Tras muchas idas y venidas, vueltas y revueltas, había aprendido a tomarse las cosas con calma, sin agobios ni prisas, sin vísceras ni odios que te amargan, con los  deleites y disfrutes de la justa medida sin la perjudicial tormenta de los conflictos y excesos que nos pasan dolorosas facturas.

Conocía tantas historias predecibles y aburridas, que prefería que la suya cuando terminara lo hiciera de forma inesperada pero divertida. Quería dejar atrás todo lo que creía saber para comenzar a vivir de nuevo, pero sentía que debía hacerlo de acuerdo a sus valores, porque tanto esfuerzo para superar dificultades había merecido la pena.

Atrás quedaban tantos años de pasarlo mal, tantas malas experiencias que a pesar de endurecerle le habían hecho apreciar más las cosas buenas de nuestro paseo por este planeta. Tenía tantos palos y garrotazos a sus espaldas que cualquier gesto de afecto y cariño le sabían a gloria.

Estaba atravesando  un momento óptimo en todos los sentidos, una etapa favorable para marcarse nuevas metas. Ahora no se podía permitir perder ni un solo minuto en discusiones estériles ni un solo segundo en preocupaciones inutilizantes, no iba a hacerles más el juego a aquellos que no saben de nada ni pegan la hebra jamás, pero ponen pegas a todos e intentan frustrar cualquier intento de hacer algo constructivo.

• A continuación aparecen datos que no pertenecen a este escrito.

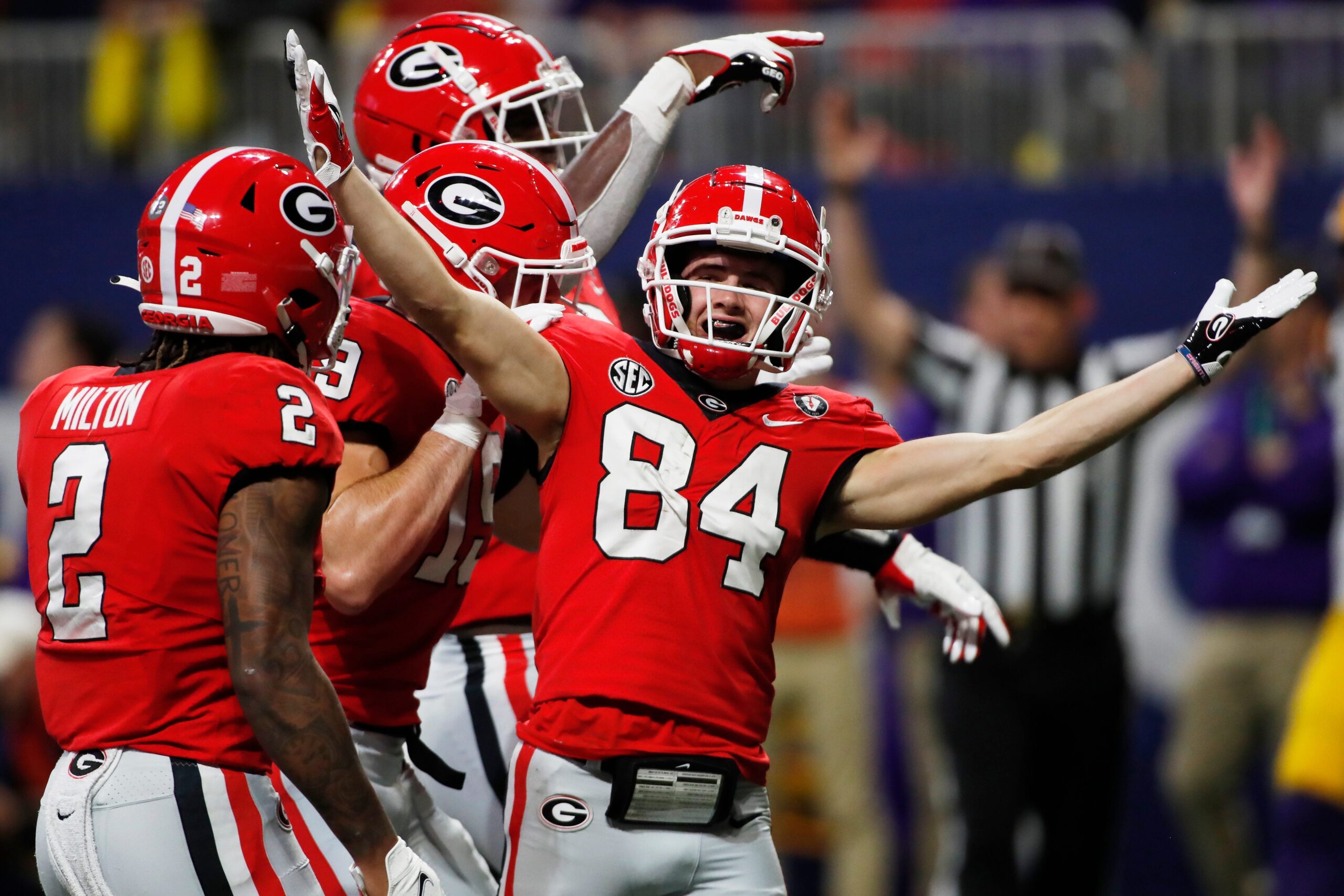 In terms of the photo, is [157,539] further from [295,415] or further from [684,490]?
[684,490]

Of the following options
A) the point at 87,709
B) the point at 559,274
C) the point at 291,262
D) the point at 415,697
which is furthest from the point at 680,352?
the point at 87,709

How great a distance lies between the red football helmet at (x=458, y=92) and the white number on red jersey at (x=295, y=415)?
1.44 m

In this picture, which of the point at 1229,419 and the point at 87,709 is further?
the point at 1229,419

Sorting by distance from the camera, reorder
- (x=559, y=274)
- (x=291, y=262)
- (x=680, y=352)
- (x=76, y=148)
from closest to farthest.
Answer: (x=291, y=262) < (x=680, y=352) < (x=559, y=274) < (x=76, y=148)

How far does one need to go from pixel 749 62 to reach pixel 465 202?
0.97 meters

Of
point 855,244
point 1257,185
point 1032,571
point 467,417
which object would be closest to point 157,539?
point 467,417

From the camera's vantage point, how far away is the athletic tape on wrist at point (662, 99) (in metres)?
4.29

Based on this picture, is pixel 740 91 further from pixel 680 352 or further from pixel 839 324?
pixel 680 352

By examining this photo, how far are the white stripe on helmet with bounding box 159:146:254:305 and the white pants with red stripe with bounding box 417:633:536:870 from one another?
1326mm

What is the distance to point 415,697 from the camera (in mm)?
3797

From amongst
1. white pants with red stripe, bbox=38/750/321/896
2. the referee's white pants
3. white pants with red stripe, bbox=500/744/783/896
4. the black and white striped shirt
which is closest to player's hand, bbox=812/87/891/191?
the black and white striped shirt

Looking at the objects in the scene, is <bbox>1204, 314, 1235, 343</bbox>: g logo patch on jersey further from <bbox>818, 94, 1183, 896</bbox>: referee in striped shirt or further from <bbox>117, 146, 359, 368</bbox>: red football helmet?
<bbox>818, 94, 1183, 896</bbox>: referee in striped shirt

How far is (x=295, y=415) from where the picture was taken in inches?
112

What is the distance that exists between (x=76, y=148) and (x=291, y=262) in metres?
7.19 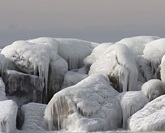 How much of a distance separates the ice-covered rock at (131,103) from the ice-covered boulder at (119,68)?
8.93 feet

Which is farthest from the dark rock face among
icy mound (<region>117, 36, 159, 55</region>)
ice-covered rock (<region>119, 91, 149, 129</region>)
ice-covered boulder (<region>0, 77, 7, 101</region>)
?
icy mound (<region>117, 36, 159, 55</region>)

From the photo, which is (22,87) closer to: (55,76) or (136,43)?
(55,76)

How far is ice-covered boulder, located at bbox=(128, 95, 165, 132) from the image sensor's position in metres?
16.5

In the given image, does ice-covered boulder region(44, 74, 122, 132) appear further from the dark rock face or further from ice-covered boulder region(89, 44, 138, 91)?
the dark rock face

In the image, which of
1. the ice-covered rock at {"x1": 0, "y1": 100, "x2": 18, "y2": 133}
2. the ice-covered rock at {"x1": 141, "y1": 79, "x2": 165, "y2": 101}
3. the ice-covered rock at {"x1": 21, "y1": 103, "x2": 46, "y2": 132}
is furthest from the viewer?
the ice-covered rock at {"x1": 141, "y1": 79, "x2": 165, "y2": 101}

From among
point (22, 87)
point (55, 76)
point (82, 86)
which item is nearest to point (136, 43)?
point (55, 76)

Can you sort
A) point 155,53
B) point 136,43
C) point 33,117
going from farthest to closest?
point 136,43 < point 155,53 < point 33,117

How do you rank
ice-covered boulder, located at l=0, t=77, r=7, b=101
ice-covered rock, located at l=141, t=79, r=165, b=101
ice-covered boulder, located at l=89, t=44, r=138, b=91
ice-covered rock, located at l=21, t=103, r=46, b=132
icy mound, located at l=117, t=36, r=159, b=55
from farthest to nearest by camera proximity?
icy mound, located at l=117, t=36, r=159, b=55 → ice-covered boulder, located at l=89, t=44, r=138, b=91 → ice-covered boulder, located at l=0, t=77, r=7, b=101 → ice-covered rock, located at l=141, t=79, r=165, b=101 → ice-covered rock, located at l=21, t=103, r=46, b=132

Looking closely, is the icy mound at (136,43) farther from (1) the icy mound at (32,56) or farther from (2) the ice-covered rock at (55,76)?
(1) the icy mound at (32,56)

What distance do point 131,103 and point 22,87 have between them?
6904 mm

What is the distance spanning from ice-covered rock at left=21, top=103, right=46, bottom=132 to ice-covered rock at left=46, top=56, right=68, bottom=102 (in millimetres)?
4222

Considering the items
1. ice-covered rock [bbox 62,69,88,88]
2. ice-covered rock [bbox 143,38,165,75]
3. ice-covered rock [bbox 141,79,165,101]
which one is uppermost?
ice-covered rock [bbox 143,38,165,75]

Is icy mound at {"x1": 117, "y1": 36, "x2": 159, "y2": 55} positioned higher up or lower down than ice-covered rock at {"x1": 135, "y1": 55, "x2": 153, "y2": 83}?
higher up

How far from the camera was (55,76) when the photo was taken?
23625mm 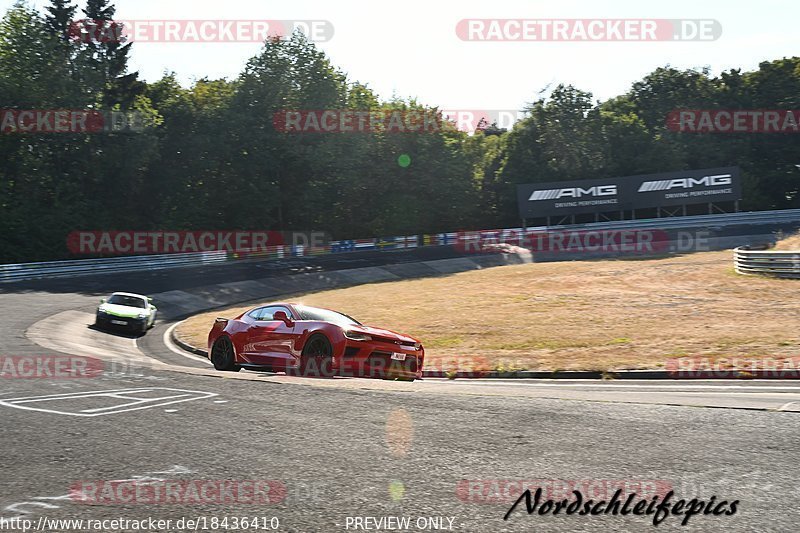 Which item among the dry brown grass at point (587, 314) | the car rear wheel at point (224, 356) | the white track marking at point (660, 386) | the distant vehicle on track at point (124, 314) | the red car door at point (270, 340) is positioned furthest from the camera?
the distant vehicle on track at point (124, 314)

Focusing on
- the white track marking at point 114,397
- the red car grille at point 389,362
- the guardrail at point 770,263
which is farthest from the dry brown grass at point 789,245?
the white track marking at point 114,397

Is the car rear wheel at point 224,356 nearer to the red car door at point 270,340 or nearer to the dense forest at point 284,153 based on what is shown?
the red car door at point 270,340

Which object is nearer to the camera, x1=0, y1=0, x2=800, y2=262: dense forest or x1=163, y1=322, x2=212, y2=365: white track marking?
x1=163, y1=322, x2=212, y2=365: white track marking

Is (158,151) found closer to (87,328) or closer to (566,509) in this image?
(87,328)

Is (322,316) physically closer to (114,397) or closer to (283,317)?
(283,317)

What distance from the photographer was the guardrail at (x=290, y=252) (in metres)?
38.5

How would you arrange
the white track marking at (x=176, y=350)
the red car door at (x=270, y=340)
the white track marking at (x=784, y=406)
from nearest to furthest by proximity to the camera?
the white track marking at (x=784, y=406)
the red car door at (x=270, y=340)
the white track marking at (x=176, y=350)

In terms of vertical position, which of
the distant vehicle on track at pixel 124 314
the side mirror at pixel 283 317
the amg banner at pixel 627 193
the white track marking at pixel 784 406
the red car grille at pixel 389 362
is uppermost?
the amg banner at pixel 627 193

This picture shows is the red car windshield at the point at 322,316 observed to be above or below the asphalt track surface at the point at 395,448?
above

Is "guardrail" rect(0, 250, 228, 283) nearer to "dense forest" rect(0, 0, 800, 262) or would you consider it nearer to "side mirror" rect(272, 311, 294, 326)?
"dense forest" rect(0, 0, 800, 262)

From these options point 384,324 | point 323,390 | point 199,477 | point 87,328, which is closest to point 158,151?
point 87,328

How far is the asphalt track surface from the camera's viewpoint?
5.48 metres

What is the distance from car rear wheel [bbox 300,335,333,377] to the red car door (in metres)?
0.35

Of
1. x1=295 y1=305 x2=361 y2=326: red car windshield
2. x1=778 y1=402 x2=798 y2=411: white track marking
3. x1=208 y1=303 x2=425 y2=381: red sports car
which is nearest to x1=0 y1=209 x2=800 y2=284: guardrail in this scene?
x1=208 y1=303 x2=425 y2=381: red sports car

También se daba cuenta de lo injusto que había sido con su familia, robándoles un tiempo precioso, privándoles de ocasiones para disfrutar de una catarata de sentimientos necesarios y enriquecedores. No quería volver a cometer esos errores y aunque tampoco aspiraba a ser perfecto, su afán diario era intentar ser feliz y hacérselo pasar bien a los demás.

No se sentía desgraciado y maltratado a pesar del camino de espinas, plagado de tensiones y conmociones que le había tocado transitar, no tenía esa sensación de muchos de sus coetáneos de pertenecer al igual que sus padres a una generación pérdida, pero cuando algo no funcionaba ponía todo su empeño en cambiarlo.

A estas alturas de su vida, lejos de conformarse y resignarse, se recargaba de energía ante las dificultades y se mostraba rebelde ante las injusticias y había descubierto la grandeza del servicio a los demás de manera honesta y desinteresada, utilizando sus talentos y procurando ser ejemplar en todo momento.

Con sus sentirse y pesares, Ezequiel había hecho realidad lo que decía Esopo “quien mucho sufre, mucho aprende”.